PQE Customization

Printer-friendly version

The purpose of this article is to provide programmers with information about customizing certain aspects of a parallel query.

Objectivity/DB language bindings have supported the parallel query feature since R9.2. Standard parallel queries are described in the documentation for Objectivity/C++, Objectivity for Java, Objectivity/.NET for C#, and Objectivity/Python.

To perform a standard parallel query, you:

  • Run a query server on each data-server host on which a database file resides. (The query server is described in the Objectivity/DB Administration manual.)
  • Modify the application source code to use the parallel variant of the scan method where appropriate. See Method for Performing a Parallel Scan below.

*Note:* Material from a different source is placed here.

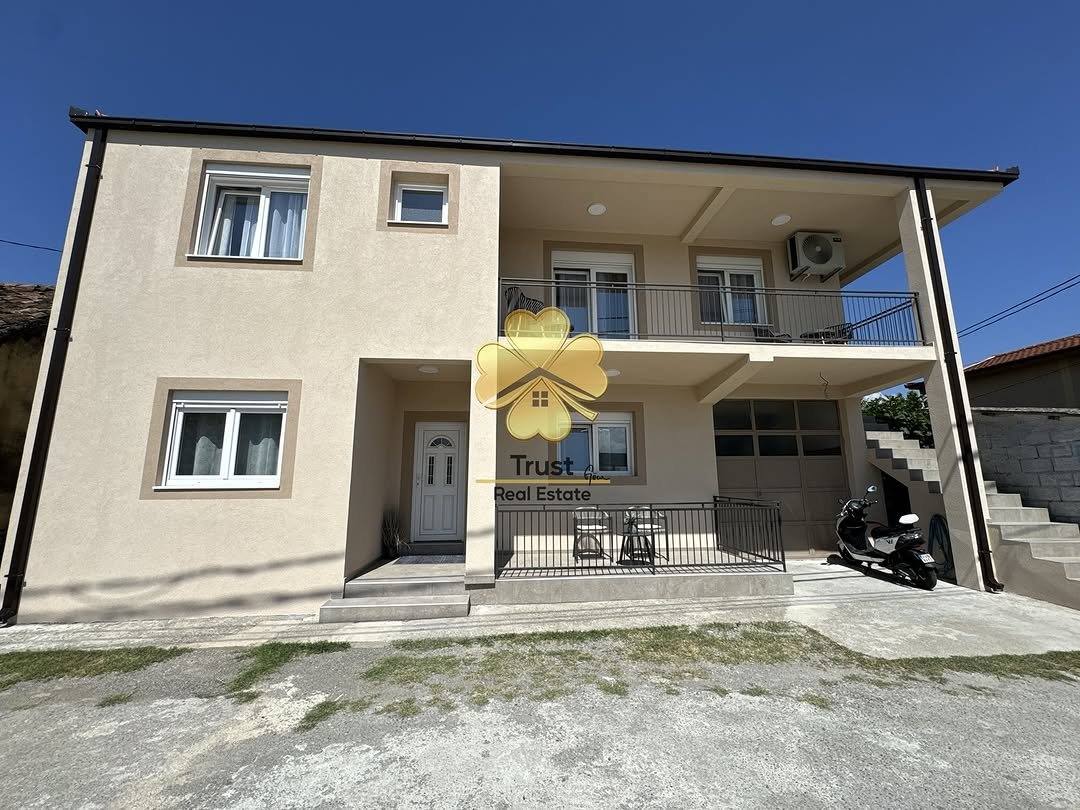 Dvosoban stan, 50m2, Gornja Gorica, Podgorica — fotografija 11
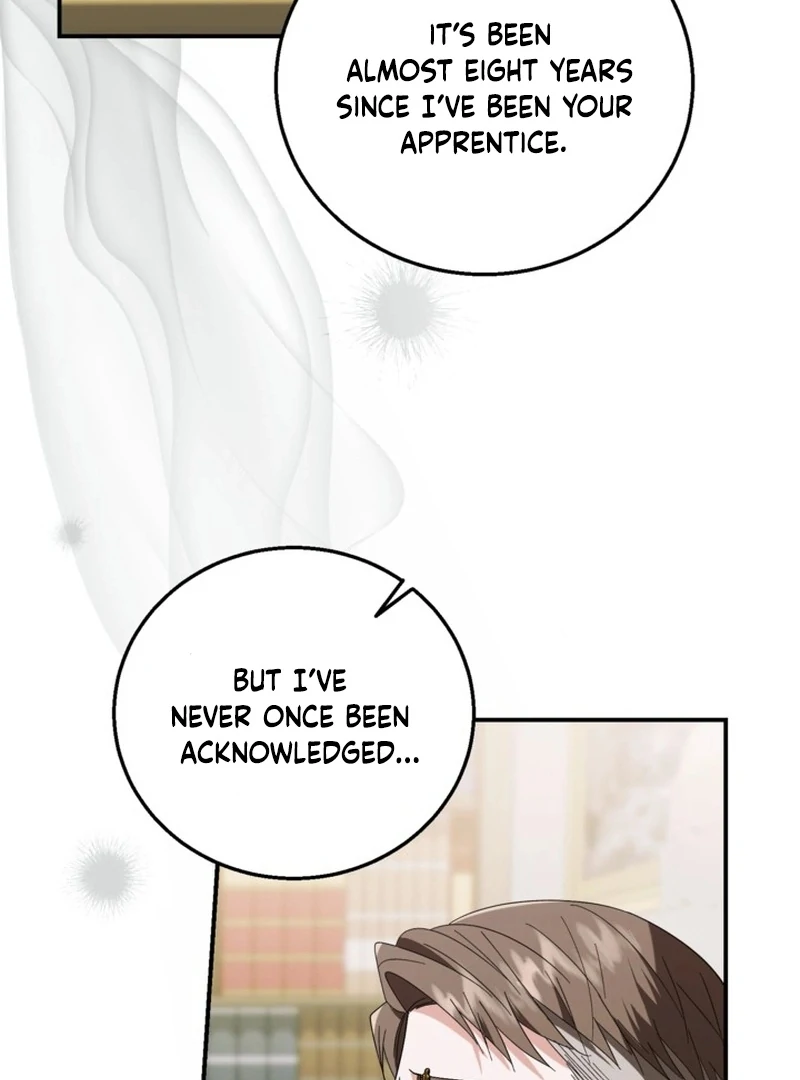 I Adopted the Protagonist, and the Genre Changed chapter 23 page 89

You can customize a parallel query by:

  • Optionally implementing one or more custom query operators and providing the implementation as a plugin to each query server, as described in the Custom Operator Support topic.
  • Optionally defining a custom splitter and passing it to the method invoking the parallel scan, as described in Query Splitters below.
  • Optionally defining a custom task assigner and registering it with the program as described in Task Assigners below.
  • Optionally starting an in-process query server from within the querying application, as described in In-Process Query Servers below.
Note: Custom task assigners and in-process query servers can also be used to customize navigation queries that use the distributed-navigation policy.  See objy::ra::navigation::Navigator in the Objectivity/C++ Programmer's Reference .

 

Method for Performing a Parallel Scan

Note: Parallel scans are supported in Objectivity/C++, Objectivity for Java, Objectivity/Python, and Objectivity/.NET for C#.
In Objectivity/C++:
ooStatus
ooItr(appClass)::parallelScan( const ooRefHandle(ooObj)& storageObject, ooMode openMode, const char* predicate, ooQuerySplitter* splitter = NULL);

This method initiates a predicate scan as a parallel query. It prepares for the iterator's next method to visit the instances of class appClass within storageObject that satisfy the given predicate. The parameters storageObject, openMode, and predicate have the same meaning as for the existing scan method for predicate scans, except that the storage object is restricted as follows:

  • In an application accessing a placement-managed federated database, the scope object must be the federation itself.
  • In an application accessing a non-placement-managed federated database, the scope object may be either the federation or a particular database (but not a container).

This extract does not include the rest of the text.